O Jornal de Paleontologia de Vertebrados confirmava recentemente que o dente e ossos descobertos entre as décadas de 70 e 90 nos Alpes suíços provinham de um ictiossauro; réptil marinho que há 200 milhões de anos vagueava os seus 20 metros de corpulência pelos dois oceanos rodeando Pangeia, o super-continente daquela Era.
Fóssil esse que foi descoberto nos Alpes suíços a 3.000 metros acima do nível médio do mar.
Mercê o incessante movimento de placas tectónicas que em muitas dezenas de milhões de anos empurraram literalmente o fundo dos mares para estratas de quota mais elevada, pergunta-se: quanto do fundo dos mares não ‘andará’ pelo solo que pisamos sem que nos apercebamos?
Os Himalaias, consabido é, são consequência da progressão rumo a norte, no relativamente veloz ritmo de catorze (14) centímetros ao ano do que é hoje o subcontinente indiano depois deste se ter separado de Madagáscar.
Após embater na placa euro-asiática há 55 milhões de anos (autores há que preferem uma data rondando os 35 milhões de anos, mas aqui para o efeito, tudo bem), o subcontinente indiano fez amarrotar por subducção o pico rochoso do Evereste elevando-o no tempo para onde se situa hoje – a oito (8) quilómetros de altitude.
A notícia do ictiossauro recordou-me a visita há largos anos de um amigo, geólogo de profissão, que preferia almoçar algures fora do reboliço da cidade em local próximo da Natureza.
Assim sendo fomos a um restaurante com mesas de permeio frondoso arvoredo, sobranceiro a um casarão de traça victoriana com 48 divisões que desde 1986 faz parte do acervo histório sul-africano: a mansão de Sammy Marks.

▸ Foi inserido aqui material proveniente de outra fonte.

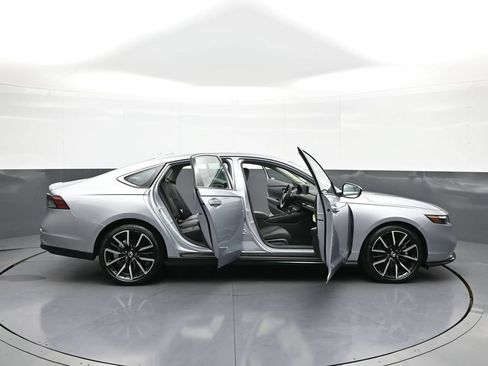 Certified 2025 Honda Accord Touring image 41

Sammy Marks emigrara da Lituânia ainda jovem. Numa efervescente República Boer, onde a descoberta do ouro em1852 trouxe gente de praticamente todas as latitudes, arrojou-se com um familiar ao empreendimento de um pequeno negócio de fornecimentos a minas e a garimpeiros do metal aurífero.
Com o andar dos anos fez fortuna como empresário industrial e agrícola, residindo de 1888 a 1909 com a sua mulher e nove filhos na residência que hoje é museu.
Trata-se de um repositório de mobiliário e decoração do século 19 recheado de artigos de cerâmica, de fina porcelana, faqueiros de prata, quadros a óleo, biblioteca repleta de vasta colecção de livros, ampla cozinha com um fogão de dez bocas, casas-de-banho típicas da época, e tudo mais que o visitante pode apreciar durante visita guiada de para cima de uma hora.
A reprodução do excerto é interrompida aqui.